Action item.
Leaving out all images, return the entries below exactly.

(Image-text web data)
= = = =

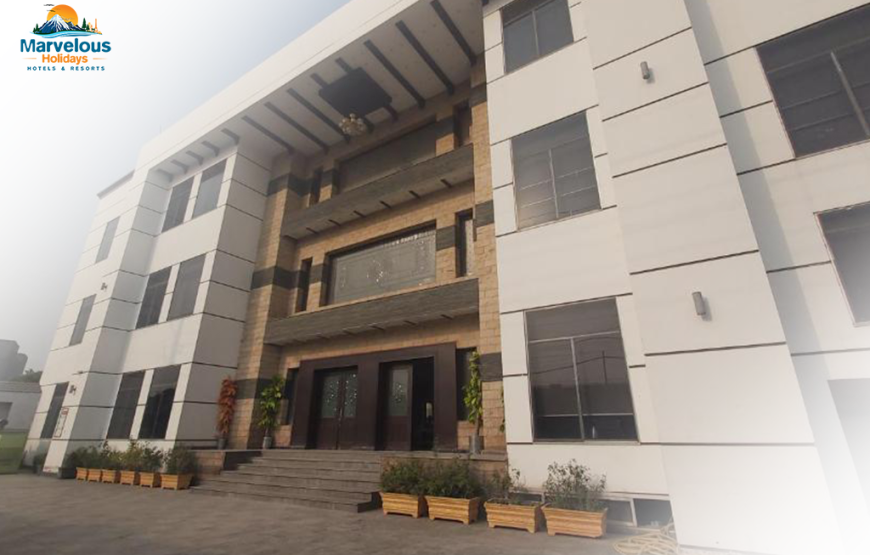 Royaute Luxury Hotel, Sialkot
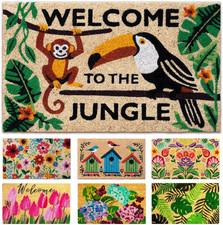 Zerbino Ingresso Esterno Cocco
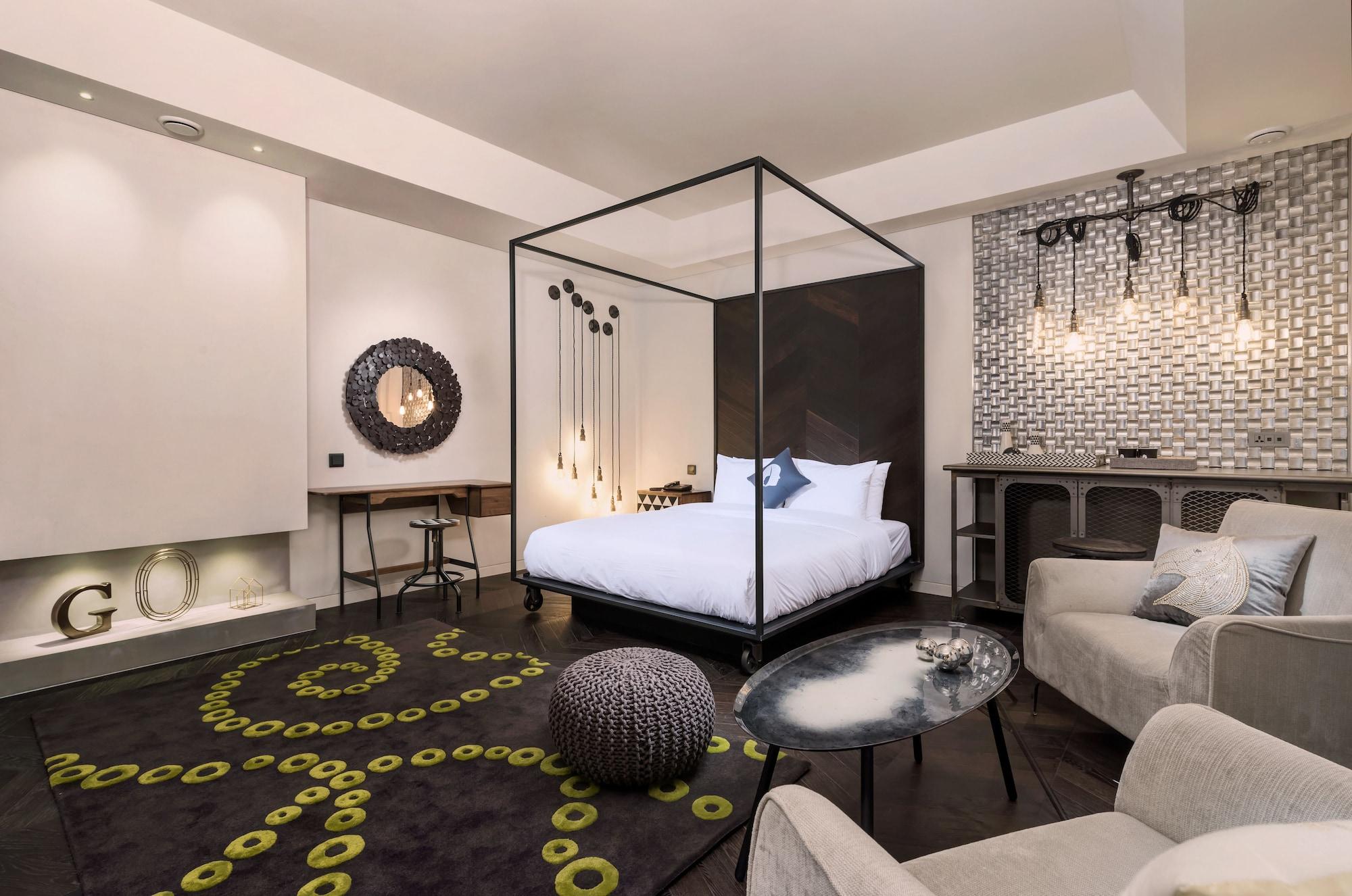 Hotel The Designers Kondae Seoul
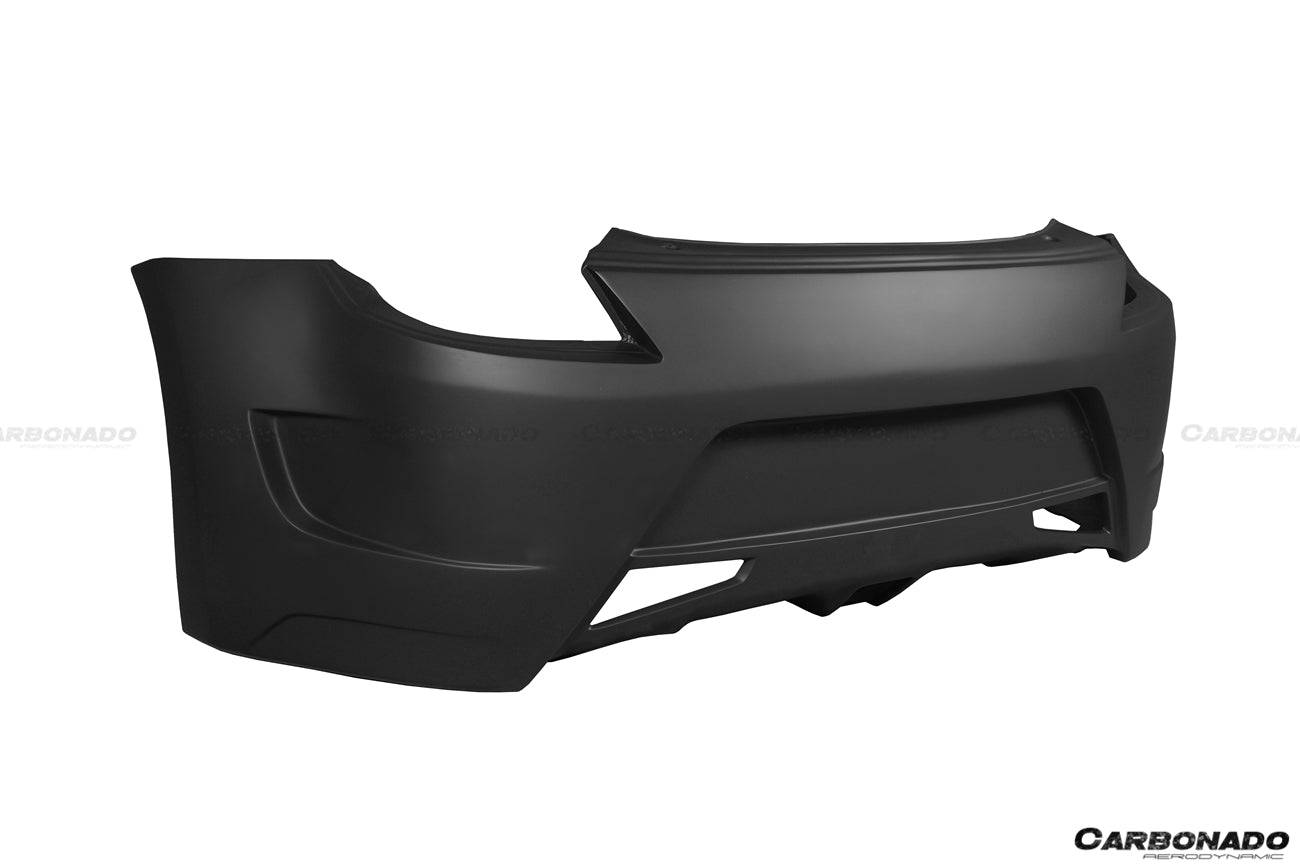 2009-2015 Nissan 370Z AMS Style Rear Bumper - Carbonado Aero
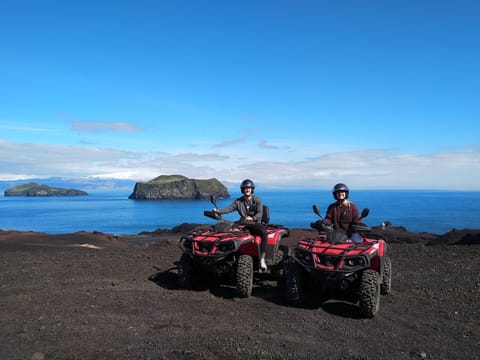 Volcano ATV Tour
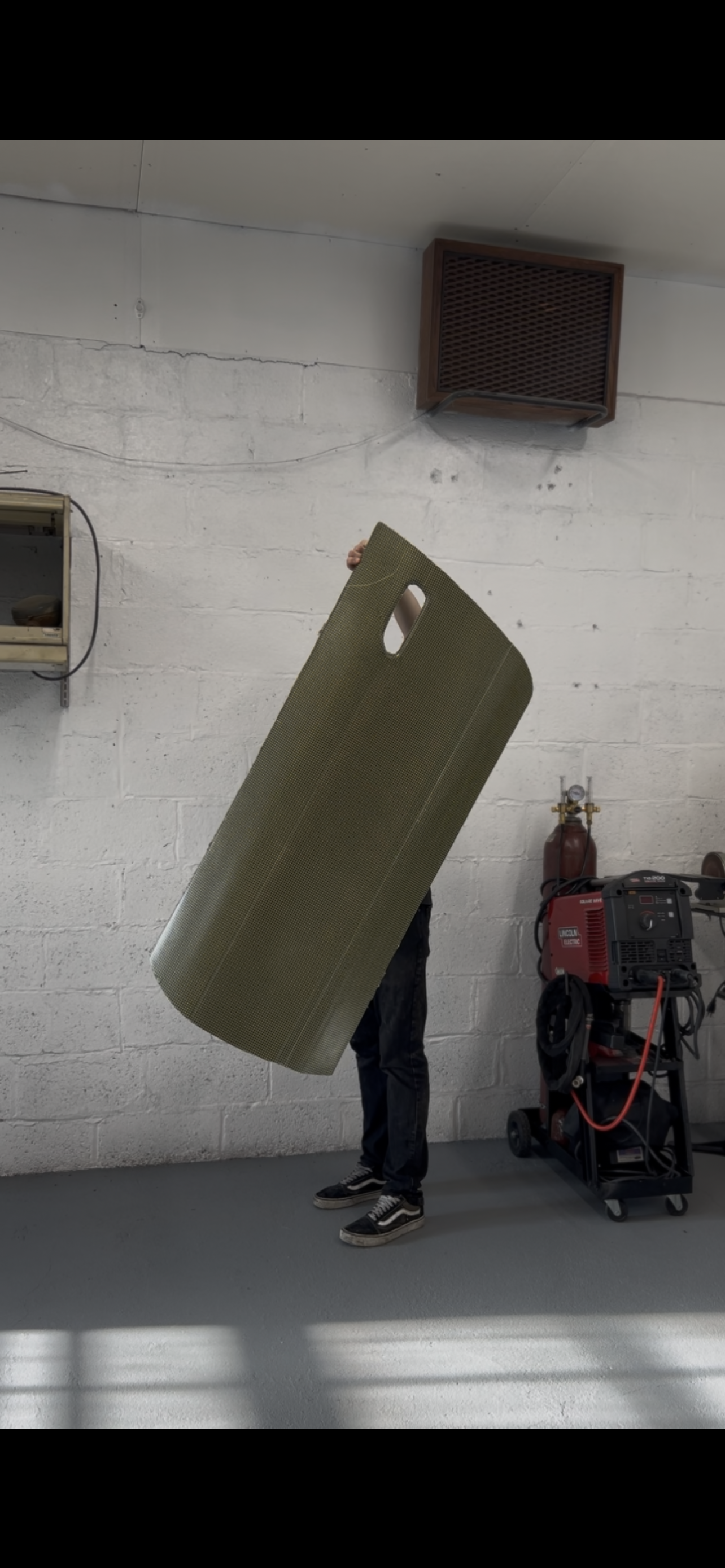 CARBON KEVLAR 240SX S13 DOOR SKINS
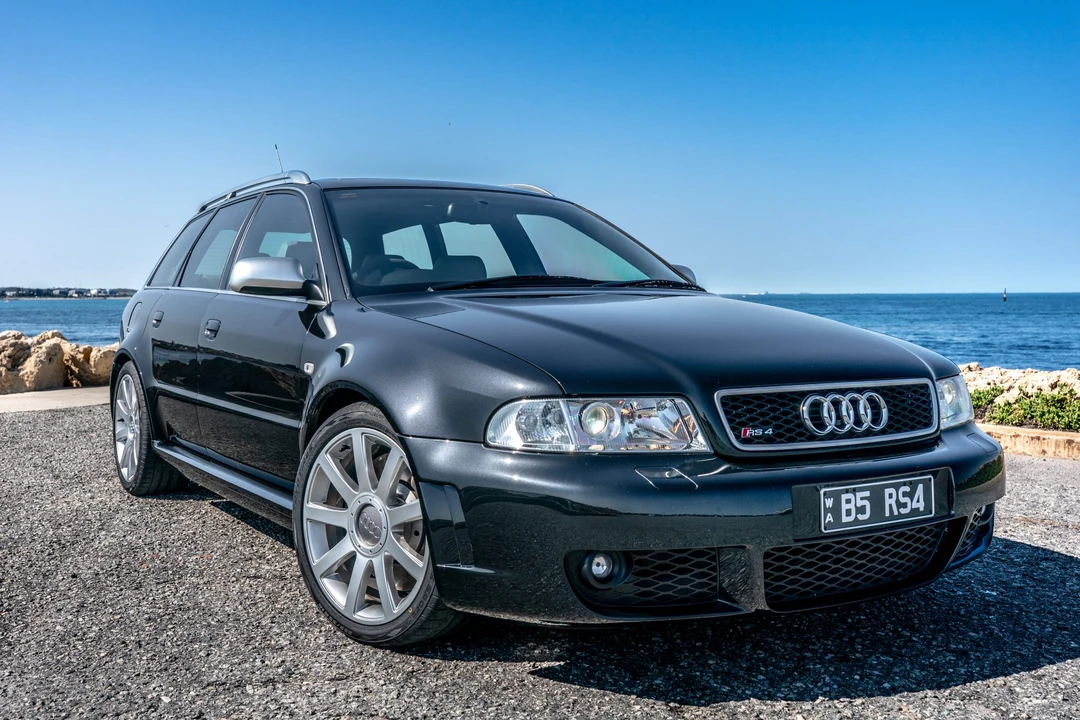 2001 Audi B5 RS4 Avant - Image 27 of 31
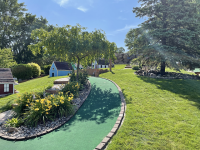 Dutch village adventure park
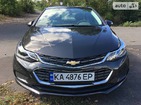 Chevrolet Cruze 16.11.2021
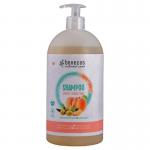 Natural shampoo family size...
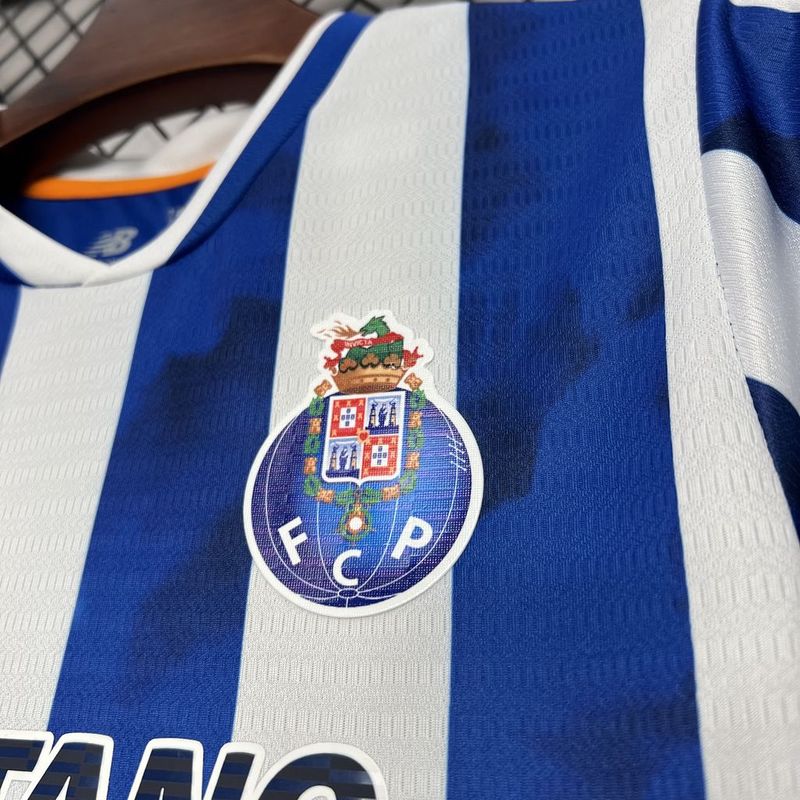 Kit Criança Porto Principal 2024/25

= = = =

Task result.
 Royaute Luxury Hotel, Sialkot
 Zerbino Ingresso Esterno Cocco
 Hotel The Designers Kondae Seoul
 2009-2015 Nissan 370Z AMS Style Rear Bumper - Carbonado Aero
 Volcano ATV Tour
 CARBON KEVLAR 240SX S13 DOOR SKINS
 2001 Audi B5 RS4 Avant - Image 27 of 31
 Dutch village adventure park
 Chevrolet Cruze 16.11.2021
 Natural shampoo family size...
 Kit Criança Porto Principal 2024/25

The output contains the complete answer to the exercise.